> _What you have to do_
Each line between the one holding "Lit de jour" and the end of the material below, both included, is to be transcribed word for word, with pictures left out.

> _Data segment_
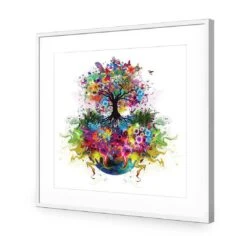 Flower Power, Square Acrylic Print Art -WALL ART DESGIN SALE flower power square acrylic print art with border white frame 37x37cm 281566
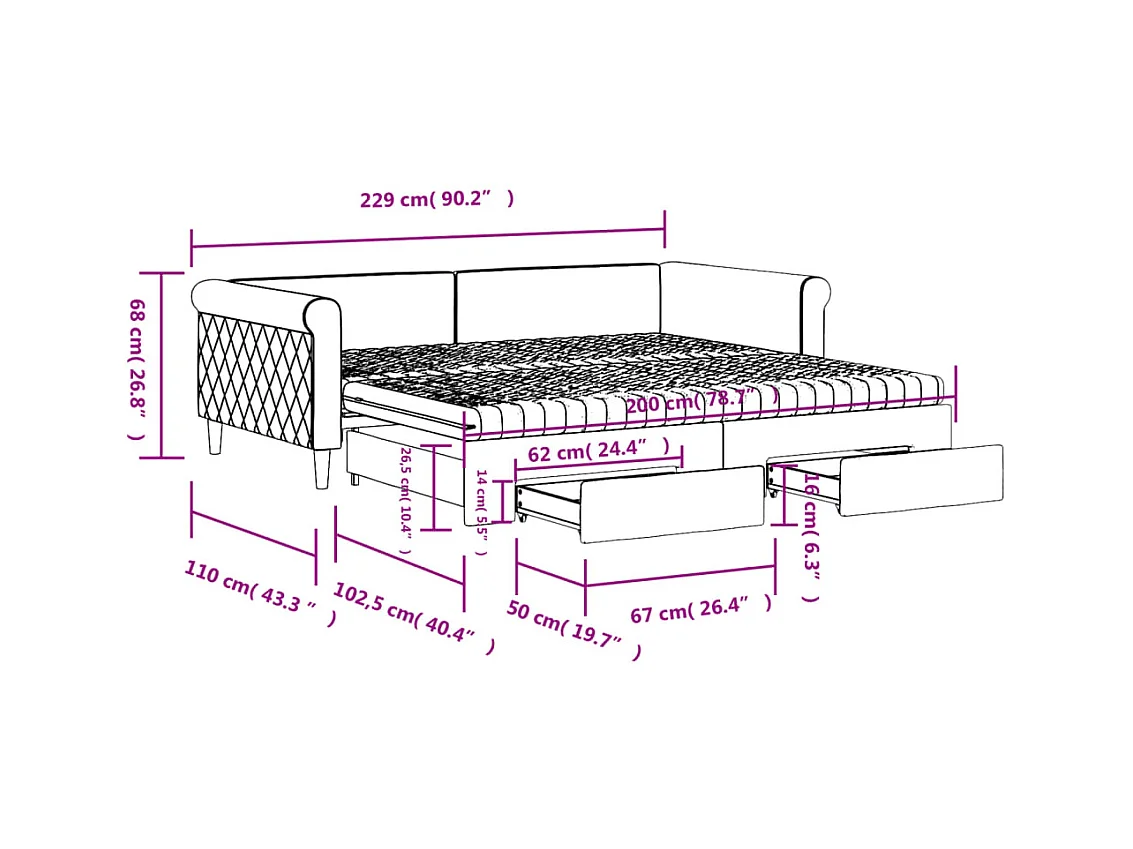 Lit de jour avec gigogne et tiroirs bleu 100x200 cm velours
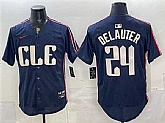 Men's Cleveland Guardians #24 Chase DeLauter Navy 2024 City Connect Limited Stitched Jersey,baseball caps,new era cap wholesale,wholesale hats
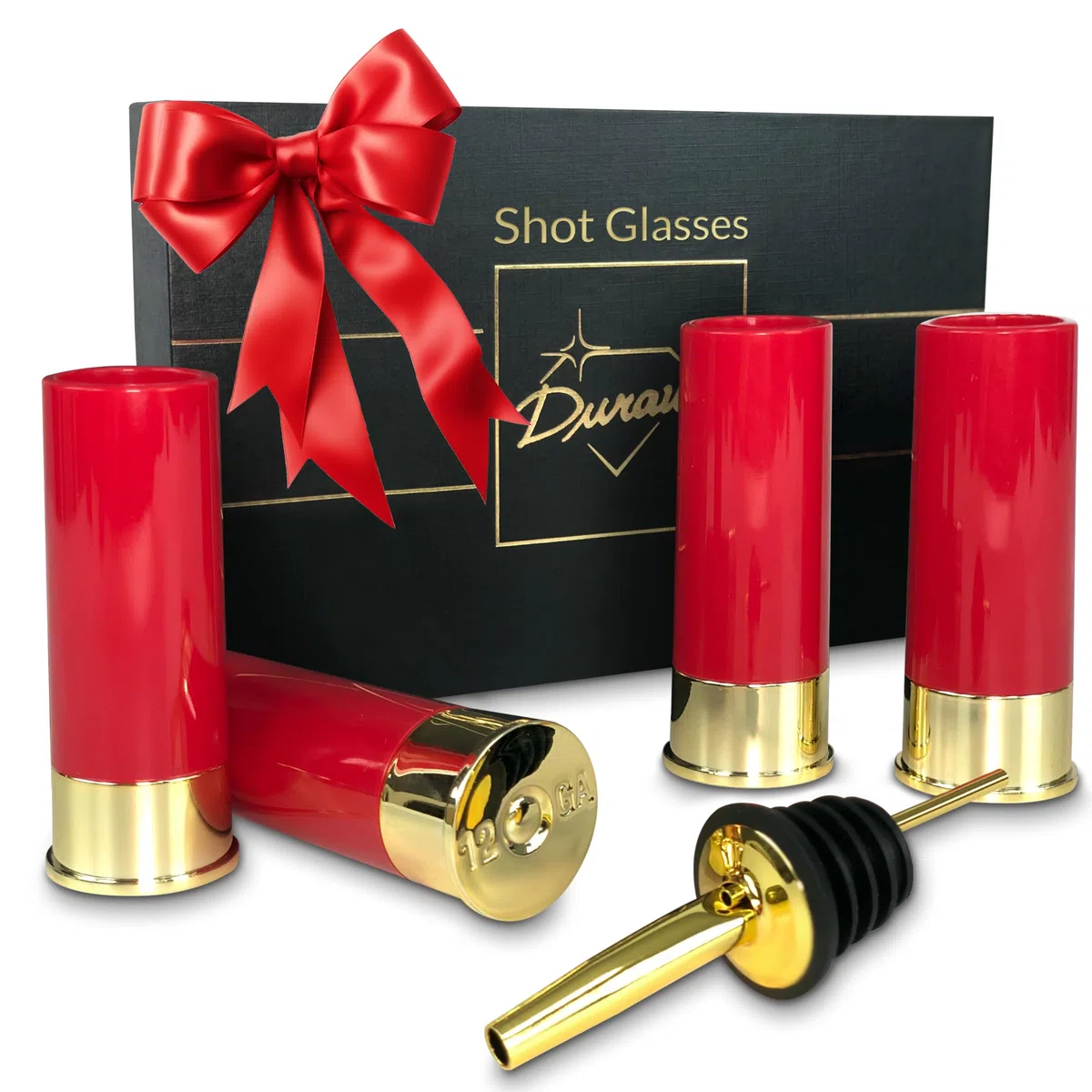 Bicchieri da shot calibro 12, confezione regalo da 4, bicchierini da sparo, alcool, ottima idea per uomini, mini tazze, per whisky, rum, tequila, liquori,ecc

> _Answer area_
 Lit de jour avec gigogne et tiroirs bleu 100x200 cm velours
 Men's Cleveland Guardians #24 Chase DeLauter Navy 2024 City Connect Limited Stitched Jersey,baseball caps,new era cap wholesale,wholesale hats
 Bicchieri da shot calibro 12, confezione regalo da 4, bicchierini da sparo, alcool, ottima idea per uomini, mini tazze, per whisky, rum, tequila, liquori,ecc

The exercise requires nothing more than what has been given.